● EXERCISE OBJECTIVE: Exclude the pictures and repeat all of the data exactly.

● INFORMATION SUPPLIED:

((

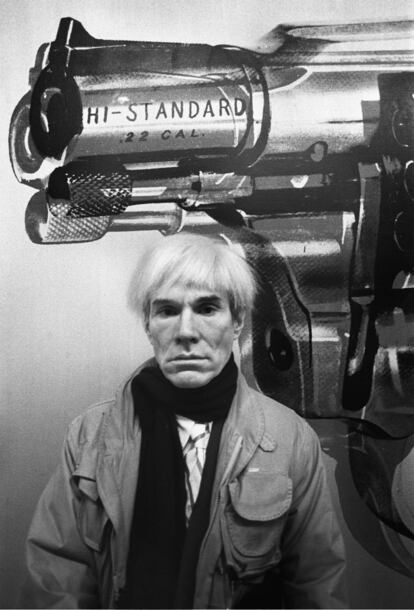 Andy Warhol posa delante de una de sus obras, un revólver,  en la galería Fernando Vijande de Madrid, el 16 de enero de 1983.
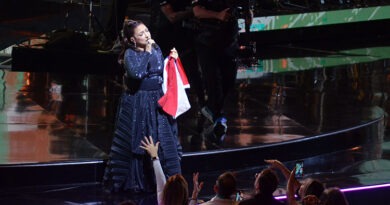 Gloria Estefan en el escenario de Viña del Mar, cantando con vestido negro, sosteniendo bandera chilena, público emocionado.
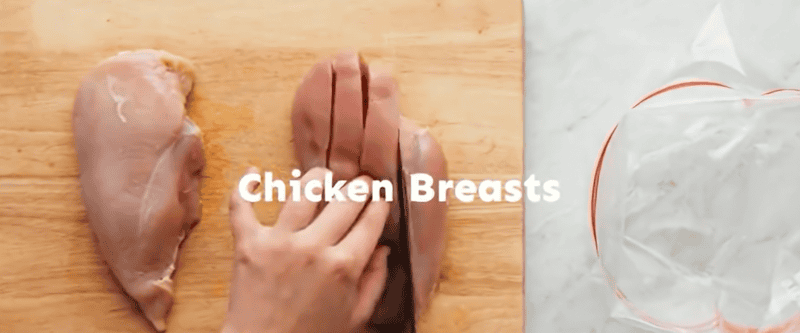 Slicing chicken breasts on a wooden cutting board with a plastic bag on the side.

))

● RESPONSE TO THIS TASK:
 Andy Warhol posa delante de una de sus obras, un revólver,  en la galería Fernando Vijande de Madrid, el 16 de enero de 1983.
 Gloria Estefan en el escenario de Viña del Mar, cantando con vestido negro, sosteniendo bandera chilena, público emocionado.
 Slicing chicken breasts on a wooden cutting board with a plastic bag on the side.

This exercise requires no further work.